Spotlight Wiring Problems
#1
Posted 15 December 2011 - 04:52 PM

#2
Posted 15 December 2011 - 05:13 PM
do you also make your own fuel pipes out of garden vegetables and reline your brakes using bread and butter ?
the wiring on your car is as dangerous as the fuel system and brakes do not just fiddle with it and have a go, get this wrong and your mini will be nothing more that a smouldering mess on the floor
now quickly disconnect your bodges so far and get someone that knows what they are doing to do the job or use this forum and read up on what you are meant to be doing and only start when you are 100% happy in your knowledge and skills
#3
Posted 15 December 2011 - 05:17 PM
Just to be sure though on the relay
Pin 30 comes from your battery 12v feed (solenoid good place to take this) I'm presuming with it being a kit it came with fuse etc
Pin 87 goes off to your spot lights
The pins can be reversed for the above as long as either of those 2 is used for power in and out and vice-versa
Pin 86 comes from the blue/white wire high beam circuit
Pin 85 goes to ground, either black wire in loom or fixed direct to shell of car.

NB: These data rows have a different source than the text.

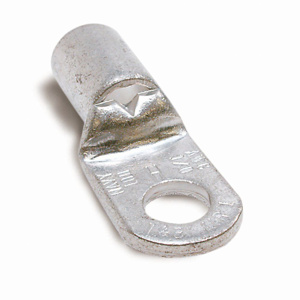 ABB Thomas & Betts G Series Uninsulated Ring Terminals 2 AWG 1/2 in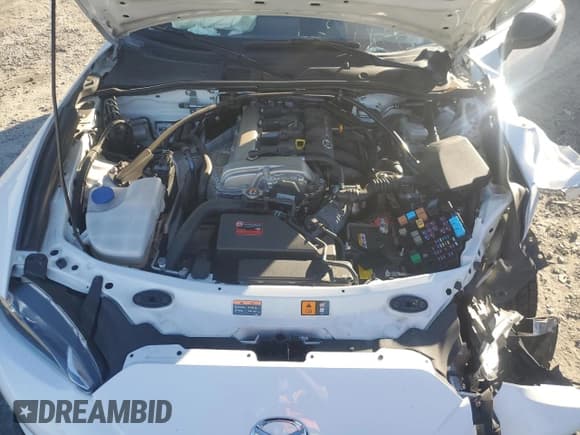 ✅ 2020 Mazda MX-5 Miata Club • VIN: JM1NDAL77L0411926 • Lot: 81135634. Listed on Copart with Not provided. Free auction sales archive from the USA and detailed vehicle history report at DreamBid. Image 11.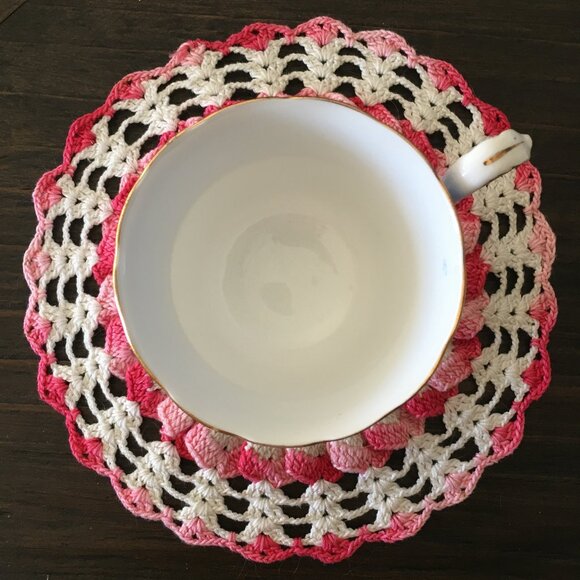 Royal Stafford Blue and Gold English Bone China Teacup & Saucer Set - Picture 7 of 10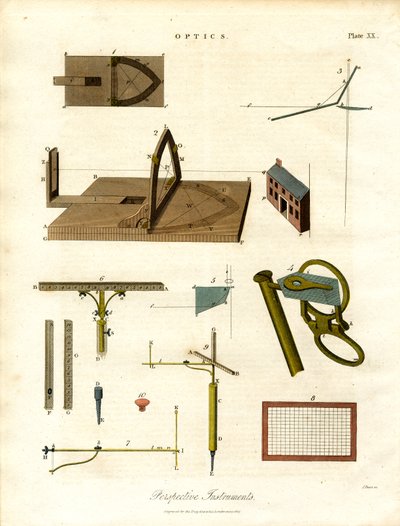 Perspective Instruments of Optics by John Pass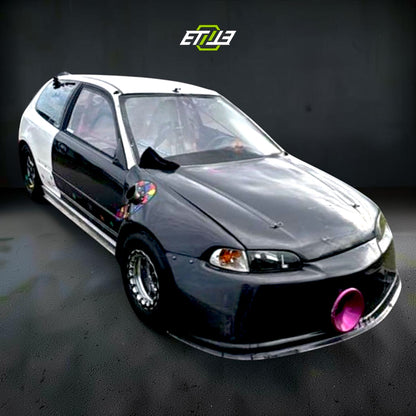 ETi Honda Civic EG Dry Carbon Fiber Drag Racing Bumper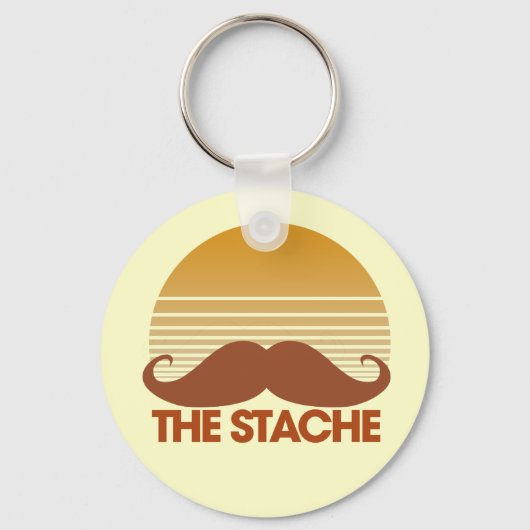 Das Retro-Design der Stache Schlüsselanhänger (Vorderseite)
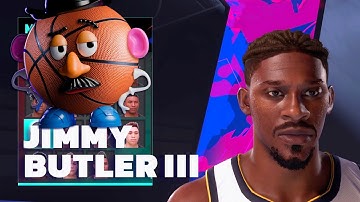 MY BEST TAKE ON JIMMY BUTLER III NBA2K25 FACE CREATION / HOW TO RECREATE JIMMY BUCKETS AS A MYPLAYER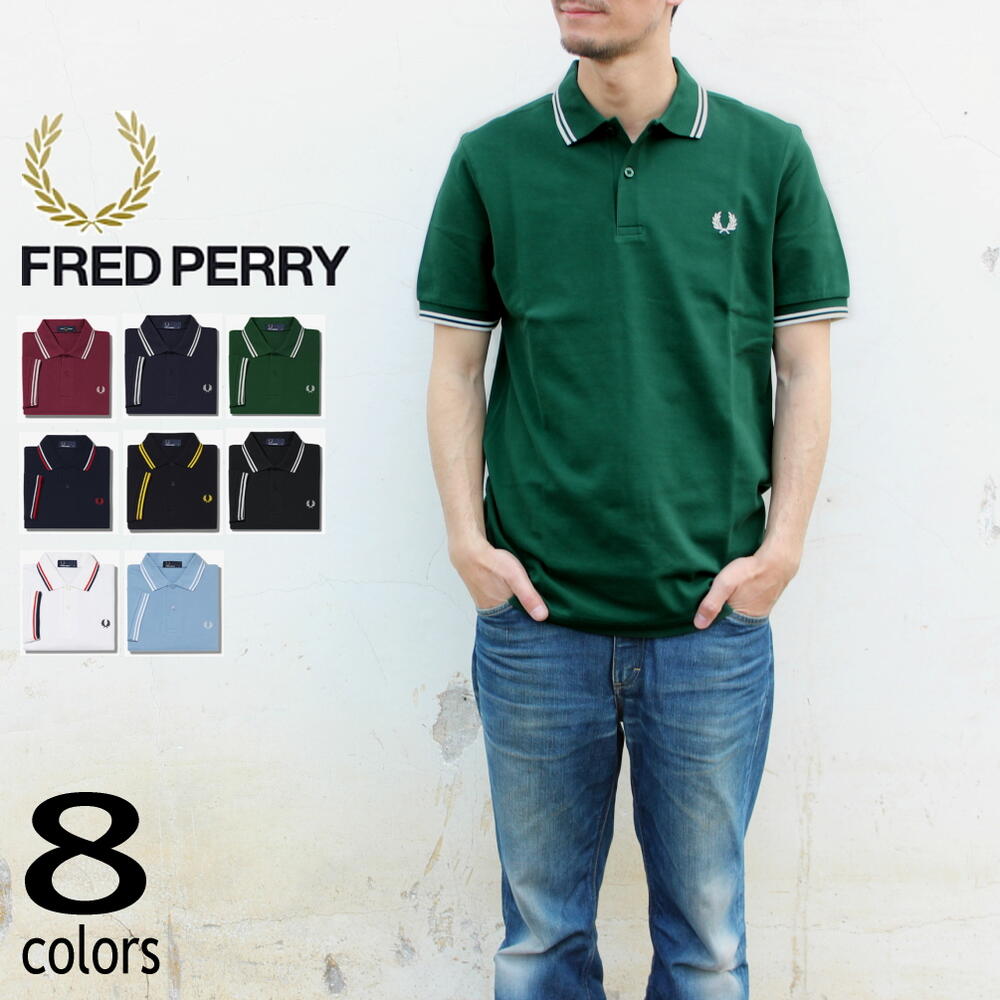 専門店 FRED PERRY フレッドペリー ポロシャツ
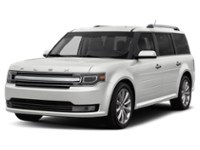 2015 Ford Flex 4dr Limited AWD Oxford White  Shot 4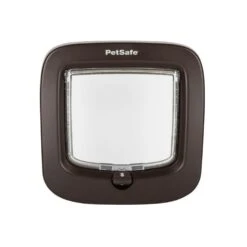 Petsafe Manual Locking Cat Flap Brown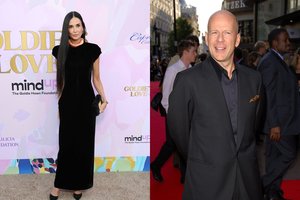 Buvusi B. Williso žmona D. Moore pasidalijo naujausia informacija apie vyro sveikatos būklę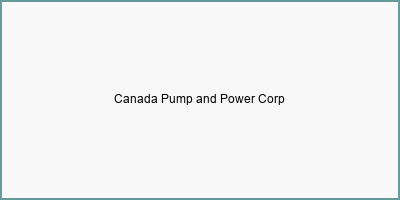 Canada Pump and Power Corp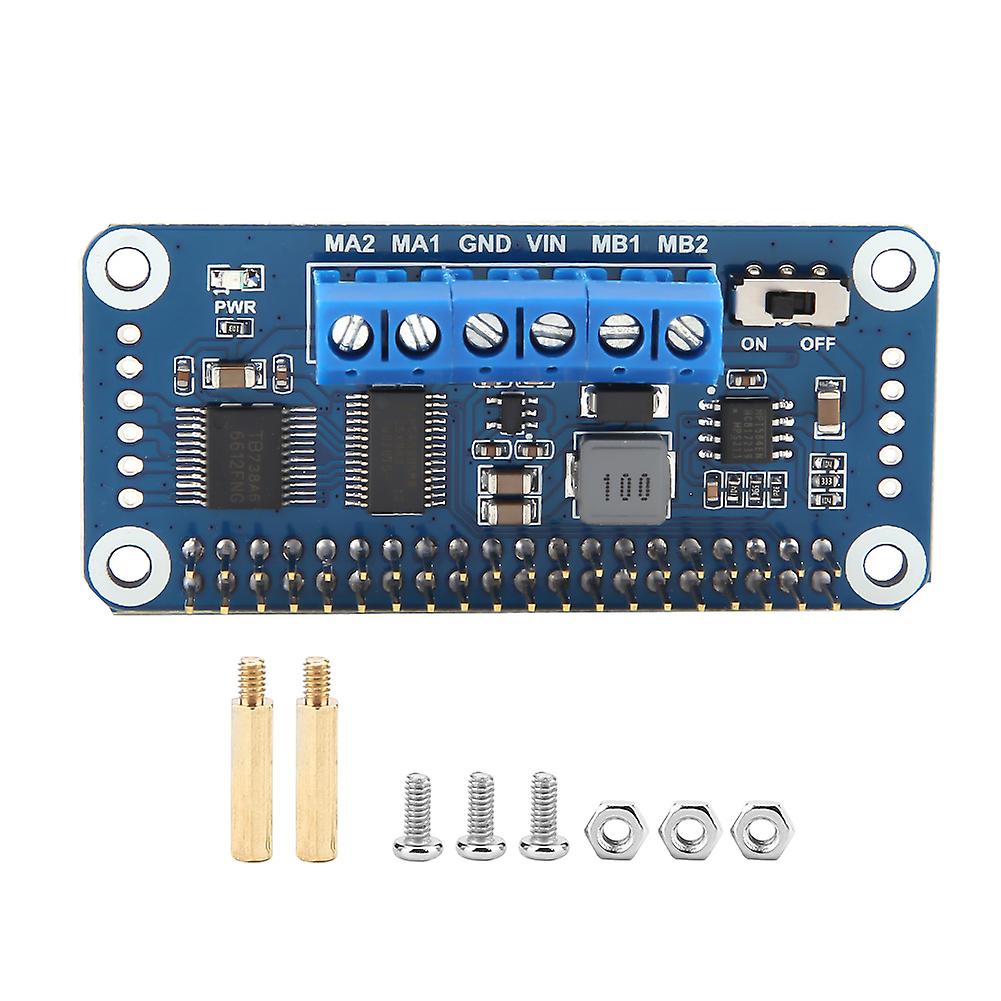 2-Wege-DC-Motortreiberplatine PWM-Dual-H-Bridge-I2C-Schnittstelle für Raspberry Pi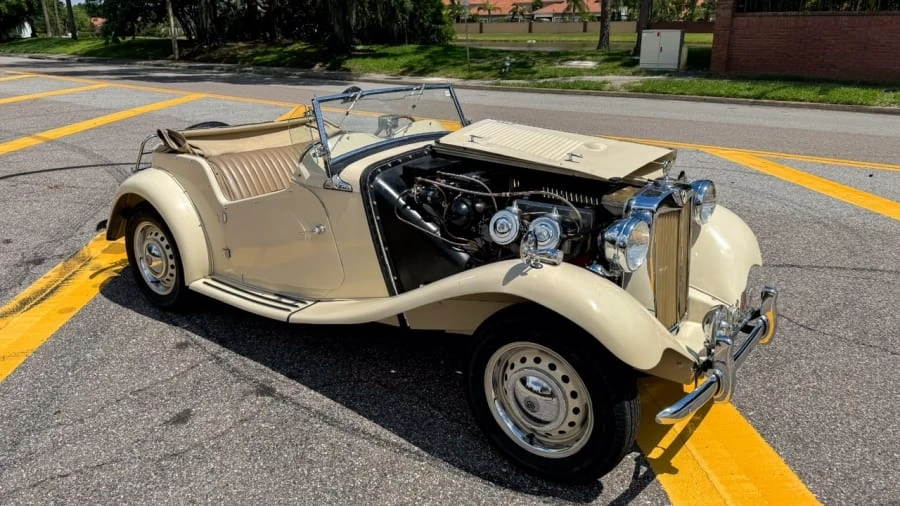 1952 MG TD - Image 10 of 19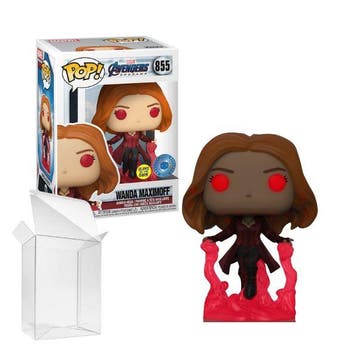 Funko Pop Marvel Endgame  Wanda Maximoff 855  Pop in a Box, Verzenden, Nieuw
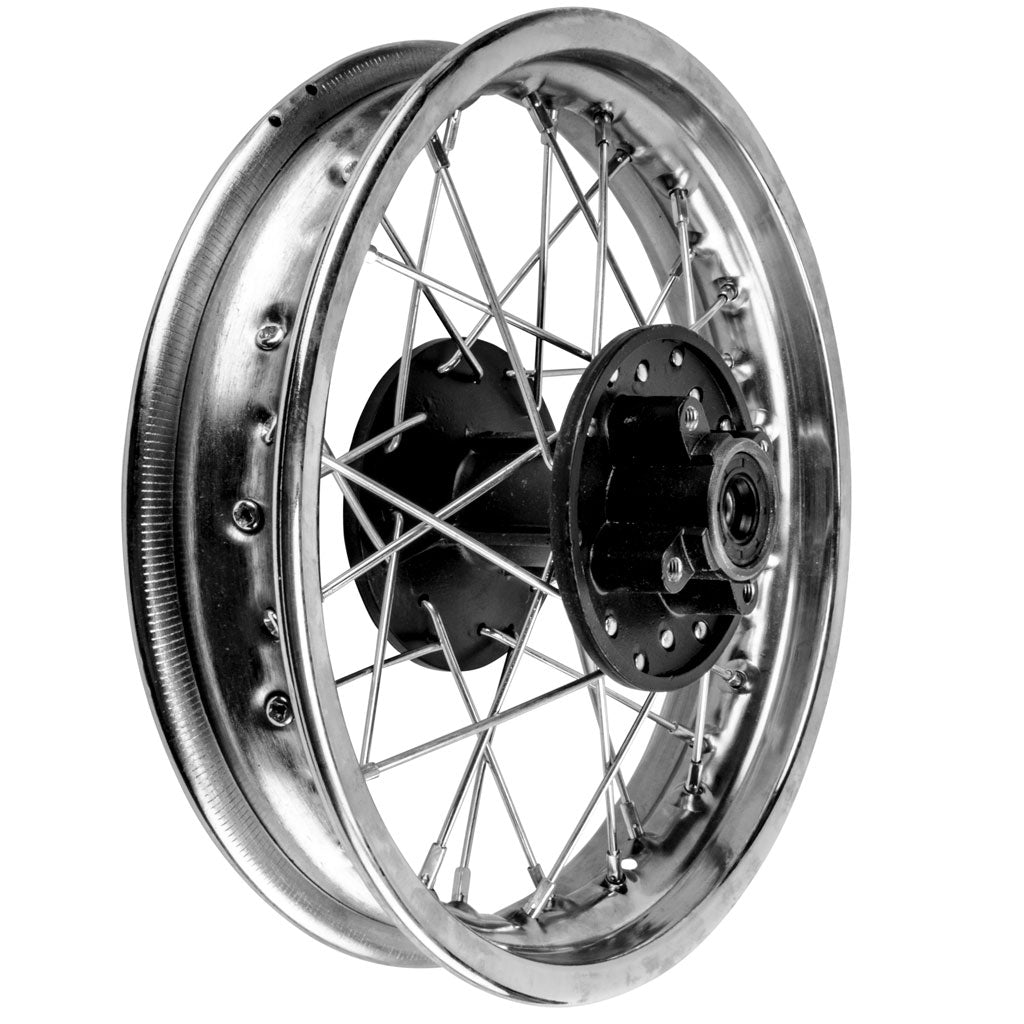 Rim Wheel - Rear - 12.0 x 1.85 Inch - 12mm ID - 32 Spokes - Dirt Bike - Version 1269 - VMC Chinese Parts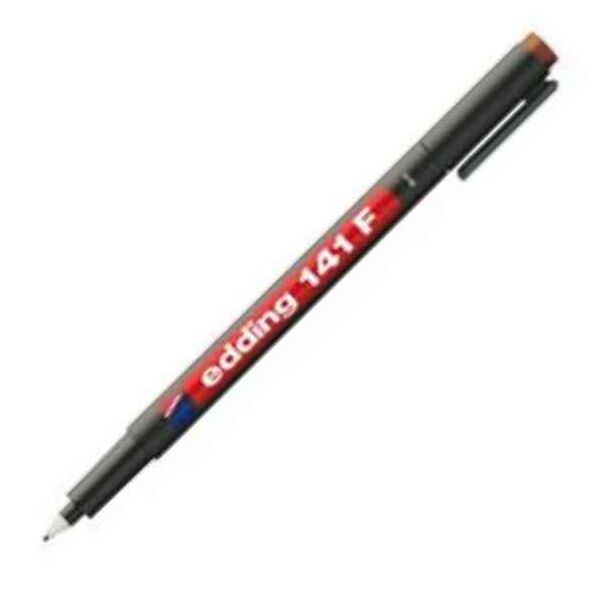 OHP διαφανειών ανεξίτηλοι  0,6mm edding 141 F σε καφέ
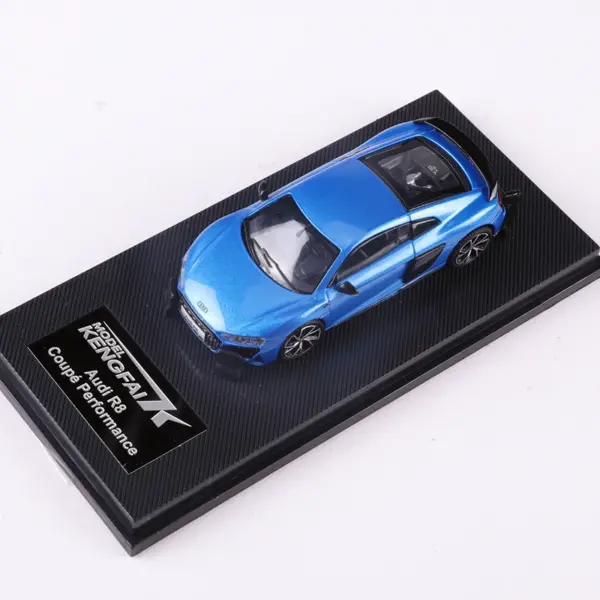 KENGFAI 1:64 Diecast Alloy Sportcar Model - Image 7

again these can be reversed, its the energising side of the relay
Edited by lrostoke, 15 December 2011 - 05:18 PM.
#4
Posted 15 December 2011 - 06:15 PM
So, your standard full beams don't work? So instead you have dangerously bodged a supply from somewhere else.anyway the only problem I had was the main beam supply, the blue/white wire behind the grill was dead, no power going down there at all. So I had to tap into the main clump of wires next to the yellow relays on the left hand side of the engine bay. I found 2 blue/white wires, so hooked one up and tried it, worked great. However when I have the headlights on and I want to switch to main beam, the spotlights come on but won't go off...... Anyone know where I've gone wrong?
#5
Posted 15 December 2011 - 06:19 PM
And the blue/white will still be high beam circuit so how is it a bodge, my understanding is he's cut into the main loom bundle that runs down to the front of the car.
#6
Posted 15 December 2011 - 06:24 PM
Anyway, I've just been to check that the relays all wired up properly and it is, the main thing I want to know at the moment is why there's 2 blue/white wires? Is one for main beam when you flick the stalk forward and the other for when you flick it back and want them on all the time?
#7
Posted 15 December 2011 - 06:25 PM
Read aboveanyway the only problem I had was the main beam supply, the blue/white wire behind the grill was dead, no power going down there at all.
#8
Posted 15 December 2011 - 06:27 PM
maybe its been rewired , possible a break in the original blue/white and somebody ran a new one down.
#9
Posted 15 December 2011 - 06:41 PM
Read aboveanyway the only problem I had was the main beam supply, the blue/white wire behind the grill was dead, no power going down there at all.
And I said, my main beam is still working perfectly. I still fail to see what is wrong with snipping a wire and taking a feed out for a relay, ensuring the new connection is fully insulated? If I had bodged it, I would have snipped the wire, taken a feed and just wired it straight up the the spotlights without using a relay. I thought I was doing the right thing, obviously not.
what years the car ??
maybe its been rewired , possible a break in the original blue/white and somebody ran a new one down.
Its a 1994 Cooper, and I'm starting to think it might have a break somewhere on that wire, it did have some work done on the wings and front end so maybe a wire was accidentally nipped or something...
#10
Posted 15 December 2011 - 06:43 PM
#11
Posted 15 December 2011 - 06:57 PM
Blue/whites should be high beam circuit, suprised on a 1994 there isn't already wiring in place for spot lights. I know on my brothers old 1993 Cooper is had the wiring there as standard. Or are these additional ones ??
Well I looked on here and saw that there was a bullet connector on the end of a wire behind the grille, had a look and thought 'Great, I can use that, this should be simple.' But there's no power going down it, so I thought I would try and tap in a bit further up the loom. I have added these spotlights myself, it didn't have any when I bought it and I don't think its had any from new as there were no holes for the mounting brackets. I assume the bullet connector was the original wire for the optional spotlights.
#12
Posted 15 December 2011 - 07:01 PM
The blue/white you tapped into. connect the meter to it see if it goes on and off when you select high beam.
If it does then should be no problem using that as the switching feed for your relay
Where are you taking the main 12v feed from
where are you earthing the relay ??
#13
Posted 15 December 2011 - 07:08 PM
seeing as you have a multimeter I'd run the following test
The blue/white you tapped into. connect the meter to it see if it goes on and off when you select high beam.
If it does then should be no problem using that as the switching feed for your relay
Where are you taking the main 12v feed from
where are you earthing the relay ??
Cheers, I'll do that test tomorrow when I have time.
Main 12v feed is taken straight from the battery, and yes it is fused.
Its earthed to the bracket where the immobiliser is, well I think its the immobiliser.